Data in this exercise section start
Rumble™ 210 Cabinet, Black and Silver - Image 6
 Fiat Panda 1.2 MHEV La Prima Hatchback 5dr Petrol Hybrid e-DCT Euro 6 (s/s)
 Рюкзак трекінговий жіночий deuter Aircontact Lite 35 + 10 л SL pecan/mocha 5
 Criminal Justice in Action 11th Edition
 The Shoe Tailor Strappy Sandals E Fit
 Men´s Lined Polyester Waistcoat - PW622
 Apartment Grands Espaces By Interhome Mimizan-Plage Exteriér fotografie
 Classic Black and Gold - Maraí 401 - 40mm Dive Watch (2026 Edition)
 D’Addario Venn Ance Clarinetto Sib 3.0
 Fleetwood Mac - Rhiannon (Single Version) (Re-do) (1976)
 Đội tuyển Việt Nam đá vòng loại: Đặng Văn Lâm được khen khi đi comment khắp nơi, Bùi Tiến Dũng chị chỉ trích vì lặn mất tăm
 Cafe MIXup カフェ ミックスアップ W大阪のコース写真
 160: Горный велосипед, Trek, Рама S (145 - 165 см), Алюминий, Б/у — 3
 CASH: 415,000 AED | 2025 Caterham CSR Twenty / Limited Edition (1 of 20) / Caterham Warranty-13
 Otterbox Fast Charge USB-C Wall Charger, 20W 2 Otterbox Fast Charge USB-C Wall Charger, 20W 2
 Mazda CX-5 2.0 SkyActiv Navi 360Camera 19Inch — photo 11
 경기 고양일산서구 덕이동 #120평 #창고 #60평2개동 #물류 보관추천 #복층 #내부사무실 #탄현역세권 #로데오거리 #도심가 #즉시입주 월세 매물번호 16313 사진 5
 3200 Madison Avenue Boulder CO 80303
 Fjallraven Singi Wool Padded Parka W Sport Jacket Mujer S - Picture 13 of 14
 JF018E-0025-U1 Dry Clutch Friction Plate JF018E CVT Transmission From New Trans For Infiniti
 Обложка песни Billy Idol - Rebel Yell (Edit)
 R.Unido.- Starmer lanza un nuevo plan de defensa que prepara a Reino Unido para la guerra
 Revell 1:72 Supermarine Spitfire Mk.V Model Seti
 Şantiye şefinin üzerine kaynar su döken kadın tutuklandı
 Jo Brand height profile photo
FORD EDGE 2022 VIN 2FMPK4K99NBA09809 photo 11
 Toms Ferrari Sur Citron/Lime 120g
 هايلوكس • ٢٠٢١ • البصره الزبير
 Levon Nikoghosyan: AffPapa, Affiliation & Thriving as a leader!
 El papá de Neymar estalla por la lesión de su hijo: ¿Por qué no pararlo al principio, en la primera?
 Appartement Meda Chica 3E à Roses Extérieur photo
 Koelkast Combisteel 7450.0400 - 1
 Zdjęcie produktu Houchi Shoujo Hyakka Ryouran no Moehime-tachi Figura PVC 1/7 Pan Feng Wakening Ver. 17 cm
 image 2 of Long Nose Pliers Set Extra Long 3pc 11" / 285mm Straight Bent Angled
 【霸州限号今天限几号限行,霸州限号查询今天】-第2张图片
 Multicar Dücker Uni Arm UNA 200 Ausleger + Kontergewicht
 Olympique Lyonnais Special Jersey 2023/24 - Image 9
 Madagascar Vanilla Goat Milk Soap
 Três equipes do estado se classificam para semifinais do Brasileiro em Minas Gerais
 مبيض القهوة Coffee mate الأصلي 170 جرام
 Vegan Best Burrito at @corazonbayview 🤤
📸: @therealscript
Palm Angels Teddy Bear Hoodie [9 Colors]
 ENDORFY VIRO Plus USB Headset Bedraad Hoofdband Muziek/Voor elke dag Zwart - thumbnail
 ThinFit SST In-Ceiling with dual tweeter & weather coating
Data in this exercise section end
## Problem
An exact transcription of every record above is required.

## Reply to the exercise
Rumble™ 210 Cabinet, Black and Silver - Image 6
 Fiat Panda 1.2 MHEV La Prima Hatchback 5dr Petrol Hybrid e-DCT Euro 6 (s/s)
 Рюкзак трекінговий жіночий deuter Aircontact Lite 35 + 10 л SL pecan/mocha 5
 Criminal Justice in Action 11th Edition
 The Shoe Tailor Strappy Sandals E Fit
 Men´s Lined Polyester Waistcoat - PW622
 Apartment Grands Espaces By Interhome Mimizan-Plage Exteriér fotografie
 Classic Black and Gold - Maraí 401 - 40mm Dive Watch (2026 Edition)
 D’Addario Venn Ance Clarinetto Sib 3.0
 Fleetwood Mac - Rhiannon (Single Version) (Re-do) (1976)
 Đội tuyển Việt Nam đá vòng loại: Đặng Văn Lâm được khen khi đi comment khắp nơi, Bùi Tiến Dũng chị chỉ trích vì lặn mất tăm
 Cafe MIXup カフェ ミックスアップ W大阪のコース写真
 160: Горный велосипед, Trek, Рама S (145 - 165 см), Алюминий, Б/у — 3
 CASH: 415,000 AED | 2025 Caterham CSR Twenty / Limited Edition (1 of 20) / Caterham Warranty-13
 Otterbox Fast Charge USB-C Wall Charger, 20W 2 Otterbox Fast Charge USB-C Wall Charger, 20W 2
 Mazda CX-5 2.0 SkyActiv Navi 360Camera 19Inch — photo 11
 경기 고양일산서구 덕이동 #120평 #창고 #60평2개동 #물류 보관추천 #복층 #내부사무실 #탄현역세권 #로데오거리 #도심가 #즉시입주 월세 매물번호 16313 사진 5
 3200 Madison Avenue Boulder CO 80303
 Fjallraven Singi Wool Padded Parka W Sport Jacket Mujer S - Picture 13 of 14
 JF018E-0025-U1 Dry Clutch Friction Plate JF018E CVT Transmission From New Trans For Infiniti
 Обложка песни Billy Idol - Rebel Yell (Edit)
 R.Unido.- Starmer lanza un nuevo plan de defensa que prepara a Reino Unido para la guerra
 Revell 1:72 Supermarine Spitfire Mk.V Model Seti
 Şantiye şefinin üzerine kaynar su döken kadın tutuklandı
 Jo Brand height profile photo
FORD EDGE 2022 VIN 2FMPK4K99NBA09809 photo 11
 Toms Ferrari Sur Citron/Lime 120g
 هايلوكس • ٢٠٢١ • البصره الزبير
 Levon Nikoghosyan: AffPapa, Affiliation & Thriving as a leader!
 El papá de Neymar estalla por la lesión de su hijo: ¿Por qué no pararlo al principio, en la primera?
 Appartement Meda Chica 3E à Roses Extérieur photo
 Koelkast Combisteel 7450.0400 - 1
 Zdjęcie produktu Houchi Shoujo Hyakka Ryouran no Moehime-tachi Figura PVC 1/7 Pan Feng Wakening Ver. 17 cm
 image 2 of Long Nose Pliers Set Extra Long 3pc 11" / 285mm Straight Bent Angled
 【霸州限号今天限几号限行,霸州限号查询今天】-第2张图片
 Multicar Dücker Uni Arm UNA 200 Ausleger + Kontergewicht
 Olympique Lyonnais Special Jersey 2023/24 - Image 9
 Madagascar Vanilla Goat Milk Soap
 Três equipes do estado se classificam para semifinais do Brasileiro em Minas Gerais
 مبيض القهوة Coffee mate الأصلي 170 جرام
 Vegan Best Burrito at @corazonbayview 🤤
📸: @therealscript
Palm Angels Teddy Bear Hoodie [9 Colors]
 ENDORFY VIRO Plus USB Headset Bedraad Hoofdband Muziek/Voor elke dag Zwart - thumbnail
 ThinFit SST In-Ceiling with dual tweeter & weather coating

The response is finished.